Follow Form Coverage Does Not Always Follow Form

This case also highlights the discrepancies that can sometimes arise between different layers of insurance. Although the primary insurer defended under a reservation of rights and subsequently paid its share of the judgment, the excess insurer disputed coverage based on the sexual assault exclusion. The court’s decision does not specify whether the primary insurance policy included a sexual assault exclusion, but does note that the primary insurer defended under a reservation of rights. Assuming that the primary policy did not incorporate a sexual assault exclusion, the policyholder could have avoided the coverage with its excess insurer by ensuring that its excess policy followed the primary policy form without any additional exclusions. Although there are exceptions to every rule, policyholders rarely benefit from excess coverage that is more restrictive than their primary coverage. Commercial policyholders should carefully review their coverage towers to ensure that their insurance protection is coordinated across the primary and excess layers.
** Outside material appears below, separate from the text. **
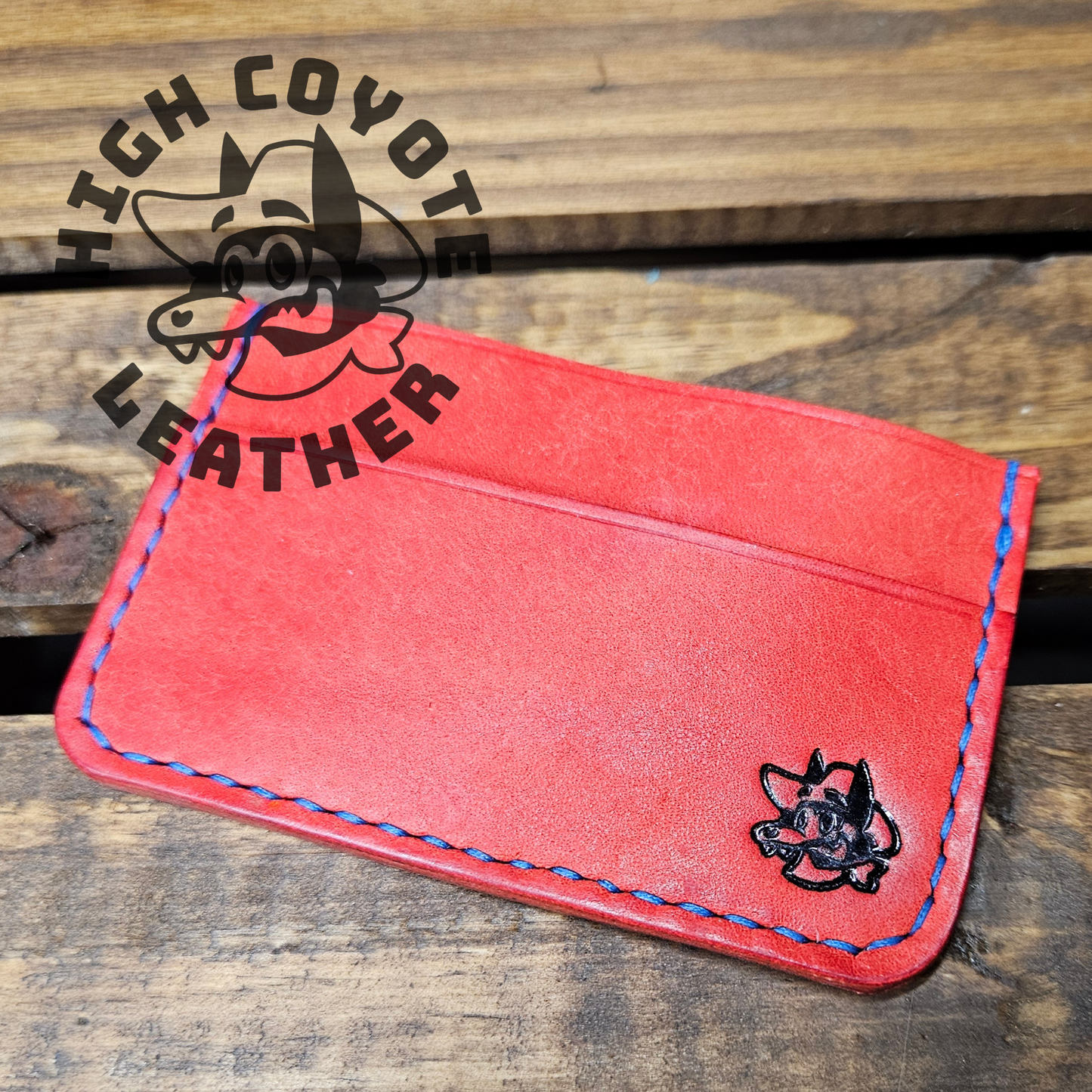 Pueblo Red w/ Blue Stitching Mini Wallet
Past Insurer Cooperation Does Not Guarantee an Insurance Recovery

Finally, an insurer’s cooperation in the defense of an underlying claim does not preclude that insurer from later disputing coverage, especially when the insurer issues a reservation of rights letter. Disputes can arise despite an ongoing business relationship between the policyholder and the insurer. In this case, the excess insurer received prompt and proper notice of the claim, monitored the litigation through the first trial, consented to a defense strategy, actively participated in the defense of the second trial, and then denied coverage only after the second trial. These events underscore the need to proceed carefully when seeking insurance coverage. The outcome in this case may not have been the same if the policyholder had not complied with its notice obligations and involved the excess insurer in the underlying case.